On those nights, I would sneak into my daughters’ room, pick up my sleeping baby, sit down in the chair, and just rock her and cry. She was only two days old when her dad left and looked so much like him. She was the tangible connection between my husband, who was 7000 miles away, and myself.
When my husband was flying home for leave, my stupid phone turned itself on silent and I missed his phone call. I hadn’t talked to him in three days. Because I missed the call, I had no idea what time he was flying in. In a fit of extremely immature, at-my-wits-end rage, I threw my phone across the room and collapsed in a frustrated heap on the floor. A few moments later, my two year old wrapped her arms around my neck.
“It’s okay Mommy,” she whispered, “Dad will be home soon.” Why is it the ones we are supposed to take care of often take care of us?
Yes, our children throw tantrums over silly things like wanting juice instead of water. They whine much more than we’d like to admit during the 20-hour car ride between duty stations. Sometimes they pout and won’t talk to their deployed parent on the phone because they are angry Mom or Dad is gone. Our children make us late, try our patience, spill the milk, and pee their pants right as we are leaving the house for an important appointment.

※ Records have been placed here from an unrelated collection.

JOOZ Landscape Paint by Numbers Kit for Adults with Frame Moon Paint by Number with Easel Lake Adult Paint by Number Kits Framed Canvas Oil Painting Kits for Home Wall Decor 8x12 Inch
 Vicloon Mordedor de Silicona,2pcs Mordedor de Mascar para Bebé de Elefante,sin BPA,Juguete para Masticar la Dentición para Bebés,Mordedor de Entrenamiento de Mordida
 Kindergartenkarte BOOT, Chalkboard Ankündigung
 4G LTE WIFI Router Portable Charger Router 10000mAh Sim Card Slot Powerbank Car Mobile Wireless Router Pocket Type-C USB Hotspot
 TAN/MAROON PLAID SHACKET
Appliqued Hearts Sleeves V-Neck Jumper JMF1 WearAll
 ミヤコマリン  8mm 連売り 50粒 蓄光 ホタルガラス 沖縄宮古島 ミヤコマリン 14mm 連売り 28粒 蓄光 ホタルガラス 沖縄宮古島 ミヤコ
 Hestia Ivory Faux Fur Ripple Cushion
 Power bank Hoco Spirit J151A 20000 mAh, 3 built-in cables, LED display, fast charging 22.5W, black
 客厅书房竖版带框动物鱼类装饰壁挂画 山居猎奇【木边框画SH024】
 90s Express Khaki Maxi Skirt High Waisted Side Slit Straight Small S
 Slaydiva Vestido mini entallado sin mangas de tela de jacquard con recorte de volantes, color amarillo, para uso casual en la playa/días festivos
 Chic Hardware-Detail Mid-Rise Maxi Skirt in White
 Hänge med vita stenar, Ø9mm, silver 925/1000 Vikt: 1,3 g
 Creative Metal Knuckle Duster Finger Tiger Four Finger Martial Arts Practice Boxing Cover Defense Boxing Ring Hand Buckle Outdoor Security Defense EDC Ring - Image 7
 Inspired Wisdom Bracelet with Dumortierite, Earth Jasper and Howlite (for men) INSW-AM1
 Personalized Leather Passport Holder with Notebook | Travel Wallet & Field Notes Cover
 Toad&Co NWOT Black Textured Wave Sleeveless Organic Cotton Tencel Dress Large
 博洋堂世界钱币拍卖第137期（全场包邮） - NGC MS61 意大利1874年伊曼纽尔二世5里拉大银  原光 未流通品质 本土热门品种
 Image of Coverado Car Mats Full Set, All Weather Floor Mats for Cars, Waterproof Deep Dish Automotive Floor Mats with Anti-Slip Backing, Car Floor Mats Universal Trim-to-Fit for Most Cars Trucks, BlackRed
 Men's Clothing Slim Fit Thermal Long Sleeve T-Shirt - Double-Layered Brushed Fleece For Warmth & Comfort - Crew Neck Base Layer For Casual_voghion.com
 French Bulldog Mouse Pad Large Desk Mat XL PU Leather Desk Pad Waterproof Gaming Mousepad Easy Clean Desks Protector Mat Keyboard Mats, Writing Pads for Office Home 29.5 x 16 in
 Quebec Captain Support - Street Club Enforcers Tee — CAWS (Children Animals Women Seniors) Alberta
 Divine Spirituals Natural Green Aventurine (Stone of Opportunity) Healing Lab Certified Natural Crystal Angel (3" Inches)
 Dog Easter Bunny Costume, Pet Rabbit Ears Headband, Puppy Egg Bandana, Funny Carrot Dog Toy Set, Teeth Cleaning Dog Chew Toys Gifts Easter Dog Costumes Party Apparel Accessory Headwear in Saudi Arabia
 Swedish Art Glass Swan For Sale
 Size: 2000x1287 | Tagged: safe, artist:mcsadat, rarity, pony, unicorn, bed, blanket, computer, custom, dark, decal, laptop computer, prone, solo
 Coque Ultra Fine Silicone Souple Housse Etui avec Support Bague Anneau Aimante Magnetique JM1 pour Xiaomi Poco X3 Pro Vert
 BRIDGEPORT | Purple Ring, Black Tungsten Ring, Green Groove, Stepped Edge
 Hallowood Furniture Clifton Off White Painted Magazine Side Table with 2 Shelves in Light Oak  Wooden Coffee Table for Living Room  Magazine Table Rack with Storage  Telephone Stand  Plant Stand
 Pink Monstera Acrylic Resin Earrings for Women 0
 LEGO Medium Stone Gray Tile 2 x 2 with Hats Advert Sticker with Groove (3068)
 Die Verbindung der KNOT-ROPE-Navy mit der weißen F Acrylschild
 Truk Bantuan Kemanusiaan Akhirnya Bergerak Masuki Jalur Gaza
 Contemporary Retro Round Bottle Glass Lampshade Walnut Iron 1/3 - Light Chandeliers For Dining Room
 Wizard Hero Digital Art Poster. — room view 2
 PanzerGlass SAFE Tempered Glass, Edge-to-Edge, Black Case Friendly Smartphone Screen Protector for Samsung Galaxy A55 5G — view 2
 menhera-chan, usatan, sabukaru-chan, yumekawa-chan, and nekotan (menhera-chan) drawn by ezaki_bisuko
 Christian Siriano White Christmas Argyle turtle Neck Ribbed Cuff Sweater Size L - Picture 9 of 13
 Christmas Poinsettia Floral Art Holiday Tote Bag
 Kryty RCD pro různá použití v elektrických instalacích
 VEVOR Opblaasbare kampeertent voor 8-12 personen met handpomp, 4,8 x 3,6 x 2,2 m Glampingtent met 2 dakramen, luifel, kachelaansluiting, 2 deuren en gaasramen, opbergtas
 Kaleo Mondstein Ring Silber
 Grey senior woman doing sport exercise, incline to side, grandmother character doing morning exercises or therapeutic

But these are the children that bury their head in your neck and whisper I love you when you are having a bad day. These are the children that revel in “inside camping” in a motel room for a month. These are the children that squeal with glee when their father or mother gets on Skype, rather than crying because it’s been eight months since they’ve seen their parent in person.
These are the children that are the first to run to mom or dad at the airport, and the first to forgive us of our faults. These are the children who grow up and answer, “A little bit of everywhere,” when people ask where they are from, and often make the difficult decision to follow in their parent’s footsteps and join the military themselves.
To all our military children, we salute you. You make our military what it is and give us the resolve to get through another day. We wish we all had your tenacity and good cheer. You are our future, and we love you for it.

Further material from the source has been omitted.